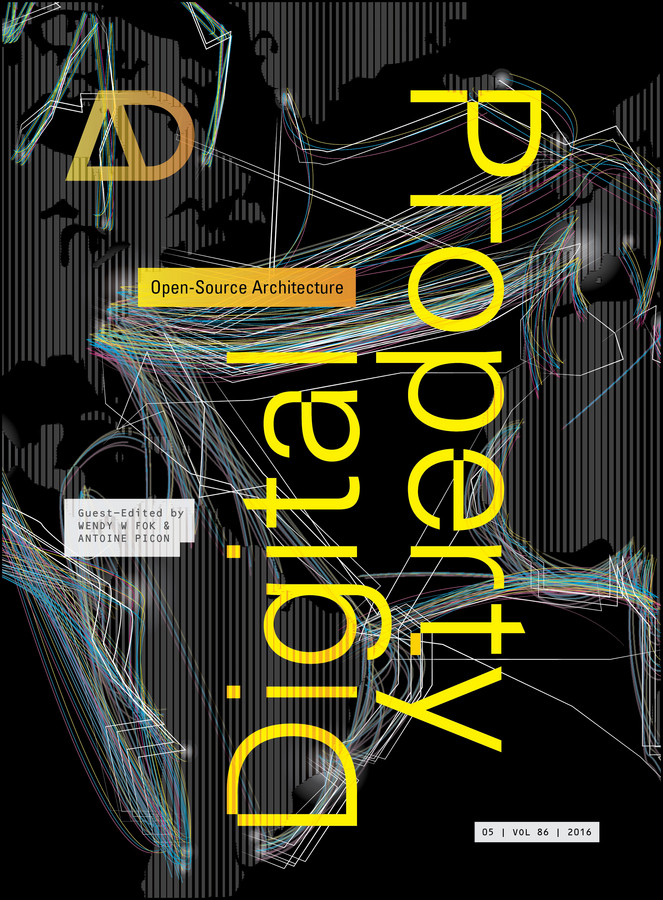 Digital Property: Open-source Architecture (Architectural Design) book cover by Wendy W. Fok, Antoine Picon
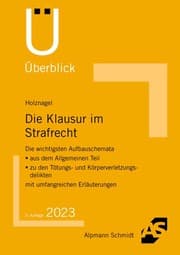 Cover von Die Klausur im Strafrecht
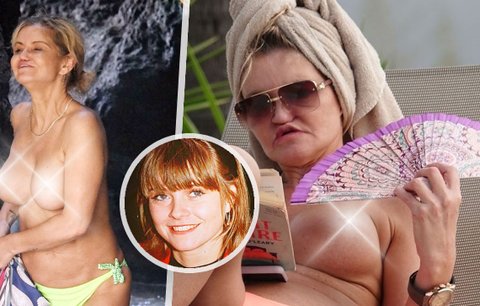 Danniella Westbrooková bez plavek: Plastiky jí vrátily sebevědomí!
● ● ●
WORK ORDER: Set down the data again, exactly, without images.

RESULT OF THIS TASK:
 Digital Property: Open-source Architecture (Architectural Design) book cover by Wendy W. Fok, Antoine Picon
 Cover von Die Klausur im Strafrecht
 Danniella Westbrooková bez plavek: Plastiky jí vrátily sebevědomí!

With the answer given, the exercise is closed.